The R2.85 billion programme is structured as five sequenced, complementary phases. Each is independently justified and collectively they transform SunVale into one of Africa’s largest integrated citrus platforms.
8.1 Phase 1 — Processing capacity expansion (R950m)
Key components. New citrus extraction lines, evaporation and concentration systems, automated packaging, AI-enabled sorting and waste-recovery systems.
Strategic outcome. Increases annual processing capacity from 60,000 to 120,000 tonnes, the primary driver of revenue and margin growth, and the fastest-returning phase.
8.2 Phase 2 — Orchard development programme (R700m)
Key components. Establishment of new orchards, precision irrigation, water-storage reservoirs, mechanisation upgrades and smart-agriculture technologies.
Strategic outcome.

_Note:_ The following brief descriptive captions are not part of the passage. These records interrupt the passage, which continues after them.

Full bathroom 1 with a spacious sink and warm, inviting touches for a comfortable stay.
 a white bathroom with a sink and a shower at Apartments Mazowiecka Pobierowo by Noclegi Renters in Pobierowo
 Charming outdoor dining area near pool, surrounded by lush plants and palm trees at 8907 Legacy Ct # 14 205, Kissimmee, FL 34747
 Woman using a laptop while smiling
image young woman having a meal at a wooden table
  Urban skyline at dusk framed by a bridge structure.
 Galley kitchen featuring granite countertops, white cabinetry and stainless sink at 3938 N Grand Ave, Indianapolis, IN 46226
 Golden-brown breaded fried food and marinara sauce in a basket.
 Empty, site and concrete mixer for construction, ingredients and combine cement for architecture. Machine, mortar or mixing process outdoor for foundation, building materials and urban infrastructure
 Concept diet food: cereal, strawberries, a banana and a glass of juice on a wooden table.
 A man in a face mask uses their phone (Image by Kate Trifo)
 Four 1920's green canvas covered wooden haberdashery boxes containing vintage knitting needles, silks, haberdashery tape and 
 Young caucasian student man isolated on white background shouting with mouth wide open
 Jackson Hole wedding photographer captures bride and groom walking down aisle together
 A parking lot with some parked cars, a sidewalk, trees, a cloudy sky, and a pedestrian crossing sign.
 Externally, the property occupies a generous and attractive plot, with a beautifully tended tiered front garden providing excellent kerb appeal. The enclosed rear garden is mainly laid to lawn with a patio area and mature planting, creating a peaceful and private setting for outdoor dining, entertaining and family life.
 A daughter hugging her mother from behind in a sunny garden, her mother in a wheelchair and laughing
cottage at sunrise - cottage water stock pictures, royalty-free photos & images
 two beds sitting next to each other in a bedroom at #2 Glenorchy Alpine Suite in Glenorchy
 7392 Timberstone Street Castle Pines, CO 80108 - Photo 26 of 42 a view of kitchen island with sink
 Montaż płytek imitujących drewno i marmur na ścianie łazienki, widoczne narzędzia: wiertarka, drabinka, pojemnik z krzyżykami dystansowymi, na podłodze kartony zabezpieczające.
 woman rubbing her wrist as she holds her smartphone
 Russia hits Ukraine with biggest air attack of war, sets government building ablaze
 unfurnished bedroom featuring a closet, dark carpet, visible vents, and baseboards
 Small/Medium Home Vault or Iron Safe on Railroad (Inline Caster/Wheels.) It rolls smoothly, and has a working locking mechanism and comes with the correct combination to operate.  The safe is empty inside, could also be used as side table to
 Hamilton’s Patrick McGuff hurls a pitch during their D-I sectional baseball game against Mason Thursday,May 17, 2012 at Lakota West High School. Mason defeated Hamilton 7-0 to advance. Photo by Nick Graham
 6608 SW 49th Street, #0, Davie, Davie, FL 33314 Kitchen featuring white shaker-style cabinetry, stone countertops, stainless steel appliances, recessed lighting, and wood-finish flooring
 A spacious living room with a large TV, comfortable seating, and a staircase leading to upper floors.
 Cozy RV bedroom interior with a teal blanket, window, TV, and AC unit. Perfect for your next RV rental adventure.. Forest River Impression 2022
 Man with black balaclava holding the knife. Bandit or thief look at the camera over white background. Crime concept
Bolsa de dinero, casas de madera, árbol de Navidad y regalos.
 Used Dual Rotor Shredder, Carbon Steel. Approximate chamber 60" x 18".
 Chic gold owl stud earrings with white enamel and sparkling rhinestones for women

Adds 4,500 hectares under production and increases export-quality output, with benefits maturing over three to five years and beyond the plan horizon.
8.3 Phase 3 — Export & logistics infrastructure (R650m)
Key components. Modern cold storage, expanded export packhouses, reefer logistics systems and an inland export logistics hub.
Strategic outcome. Reduces post-harvest losses, improves export turnaround and enhances export margins.
8.4 Phase 4 — Green energy & ESG infrastructure (R300m)
Key components. Solar photovoltaic generation, citrus-biomass energy systems, water-recycling infrastructure and energy-optimisation technologies.
Strategic outcome. Reduces Eskom dependency, lowers operating costs and improves ESG compliance.
8.5 Phase 5 — Black-farmer development initiative (R250m)
Key components. Supplier-finance programmes, technical agricultural support, training academies, offtake agreements and orchard-establishment support.
Strategic outcome. Increases participation of emerging black farmers and enhances transformation credentials and market access.
NoteSequencing matters as much as scale
The phases are deliberately ordered so that the fastest-returning, cash-generative investments, processing capacity and export logistics, come first and help underpin debt service, while the longer-gestation orchard development and the transformation and green-energy phases build the platform’s durability and licence to operate. This sequencing is what allows a heavily capital-intensive programme to remain serviceable through the build-out.